The Yellow Bar made it into the quarter finals... thank you to all my friends at kboards, without whom I wouldn't have even entered said contest.

I will now celebrate by eating an entire Red Velvet Cake.

Cheers,

John


----------



## johnlmonk (Jul 24, 2013)

jcfalch said:


> The Yellow Bar made it into the quarter finals... thank you to all my friends at kboards, without whom I wouldn't have even entered said contest.
> 
> I will now celebrate by eating an entire Red Velvet Cake.

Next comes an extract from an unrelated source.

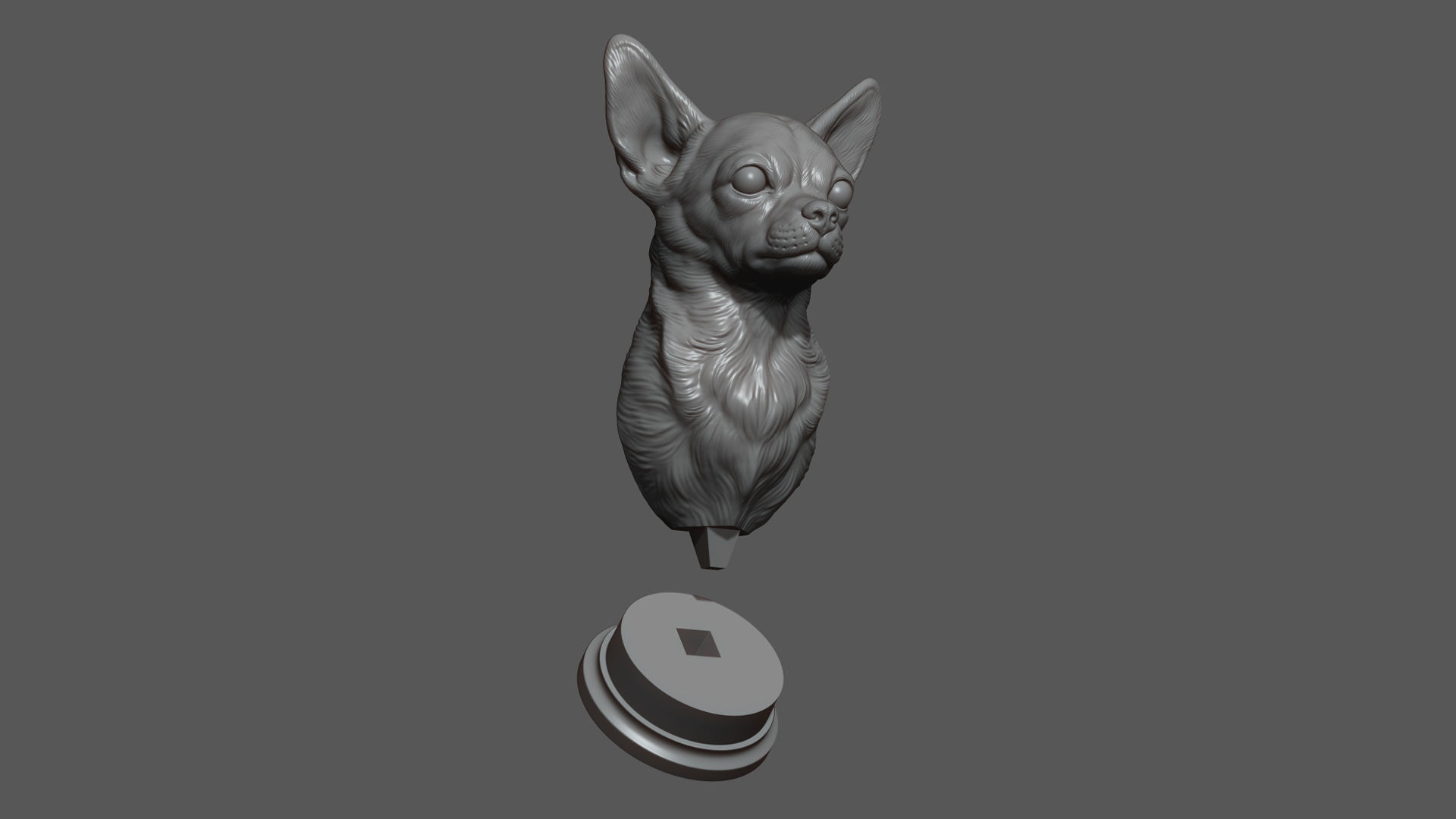 Chihuahua bust 3D print model_14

Tonight the wife and I are going out to celebrate. Now I want cake too. Congrats!


----------



## moirakatson (Jan 11, 2014)

I'm guessing "material change" is one of those messy grey areas - typos almost certainly don't count, and changing the ending almost certainly does, but in between ...


----------



## Indecisive (Jun 17, 2013)

I did not realize that this was a review I could use for publicity purposes. Now I'm totally stoked!


----------



## callan (Feb 29, 2012)

moirakatson said:


> I'm guessing "material change" is one of those messy grey areas - typos almost certainly don't count, and changing the ending almost certainly does, but in between ...


It's a grey area I'll be exploring, as my poor sub hadn't been properly edited before the deadline.


----------



## johnlmonk (Jul 24, 2013)

callan said:


> It's a grey area I'll be exploring, as my poor sub hadn't been properly edited before the deadline.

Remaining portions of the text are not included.